Step 2: "Came to believe that a Power greater than ourselves could restore us to sanity." That is sovereign grace — because you cannot save yourself, salvation must come from entirely outside you. Not a power that helps your power. A power greater.

Step 3: "Made a decision to turn our will and our lives over to the care of God." That is irresistible grace — the addict doesn't turn their life over because they found the strength. They do it because desperation has made them willing to receive a strength not their own.

The church does not call AA unfair. The church does not argue that Step 1 eliminates personal responsibility. In fact, the church supports these programs, funds them, celebrates them.

Because the church knows, instinctively, that the person in the folding chair is describing exactly what Scripture describes.

So Why the Double Standard?

Imagine walking into an AA meeting and raising your hand: "I think Step 1 is theologically problematic. If we're powerless, how can we be held responsible?"
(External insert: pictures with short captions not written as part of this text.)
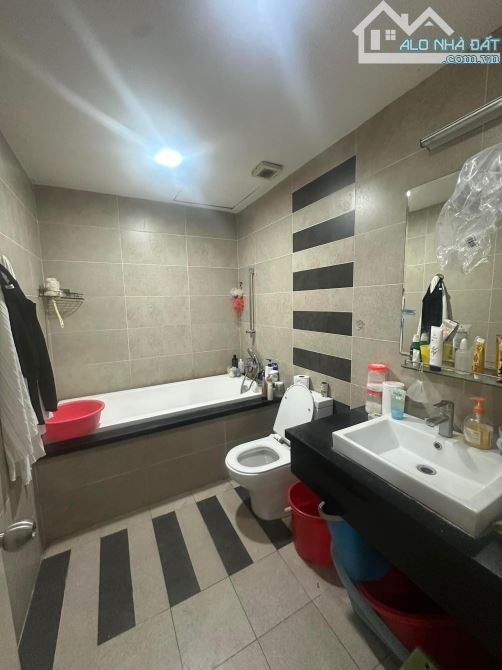 CĂN HỘ 2PN 2WC CHUNG CƯ STARCITY 23 LÊ VĂN LƯƠNG - NHỈNH 5 TỶ - 7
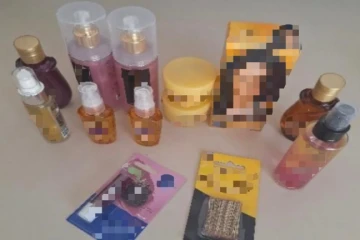 Mulher e adolescente tentam furtar esmaltes, pantufas e produtos de higiene pessoal em Criciúma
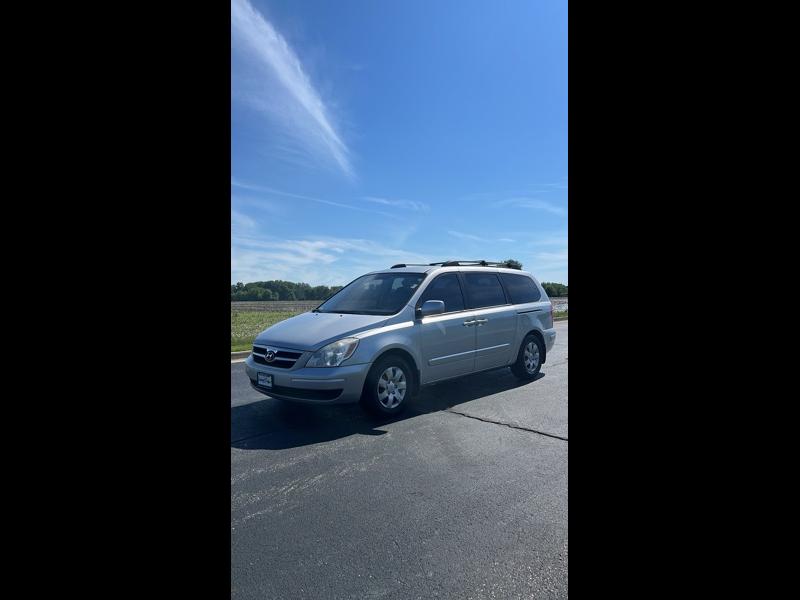2008 Hyundai Entourage GLS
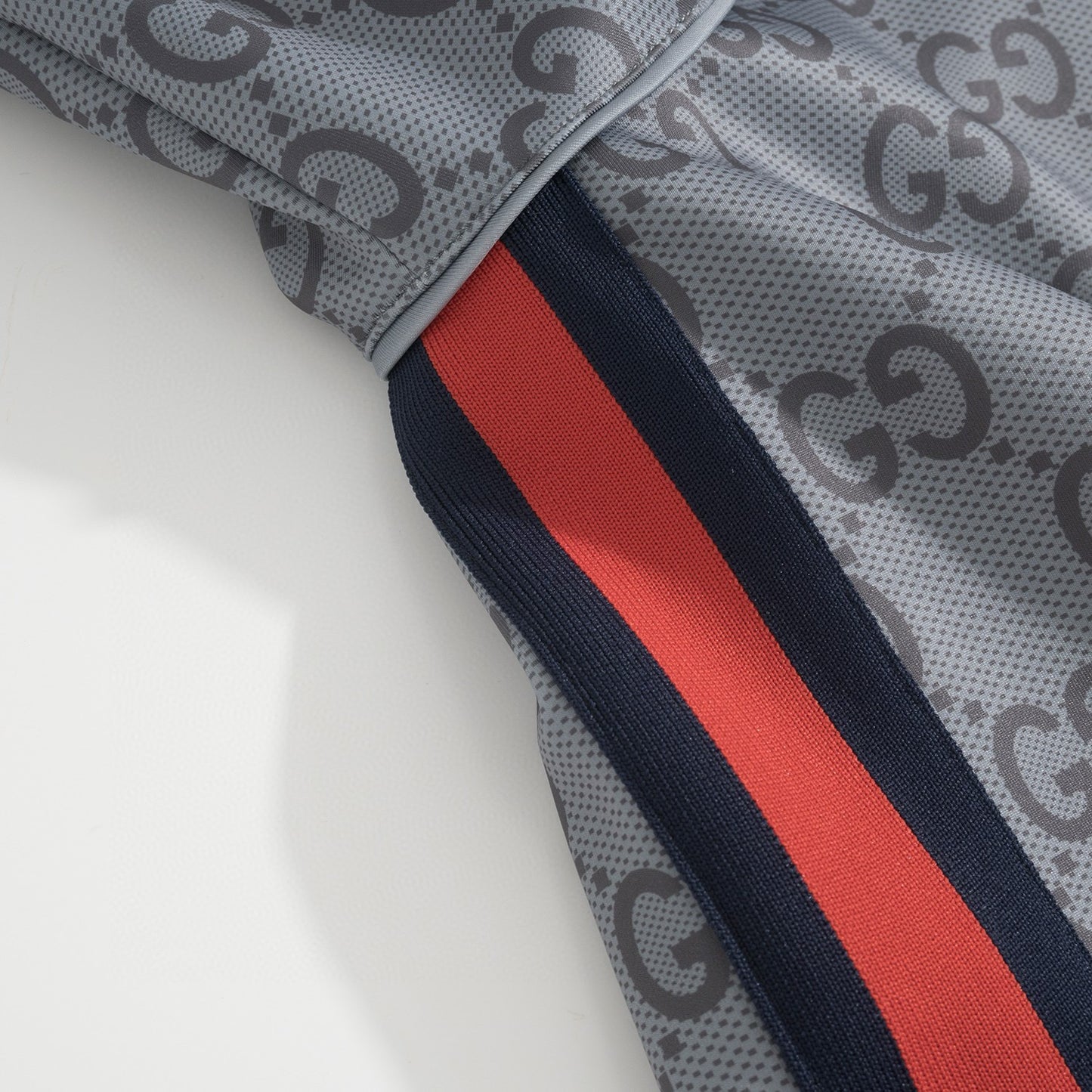 GG ZIP HOODIE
Every person in that room would look at you with bewildered pity. They would tell you what they know from lived experience: powerlessness and responsibility coexist. The addict is powerless over the craving. But they show up to the meeting. They work the steps. They cooperate with the recovery. They don't sit at home saying, "Well, I'm powerless, so I might as well use."

This is the exact structure of sovereign grace. And yet when a theologian describes it, the church erupts in protest.

If you say "I can't choose sobriety" in an AA meeting, everyone nods. If you say "I couldn't choose God because my will is enslaved to sin," the church accuses you of denying human responsibility.

Same truth. Different vocabulary.

Why does the church celebrate powerlessness in the recovery room and condemn it in the sanctuary?

Because addiction is visible. You can see the empty bottles, count the days since the last relapse. The chains are visible. But sin is invisible, and the enslaved person is the most likely to believe they are free.

The Invisible Chains

Consider two people.

Person A wakes at 6 AM with a craving. Fights it. By noon the craving has become compulsion. By evening they've rationalized it. At midnight, they use. They hate themselves. Three days later, the cycle repeats. They are, by any measure, enslaved.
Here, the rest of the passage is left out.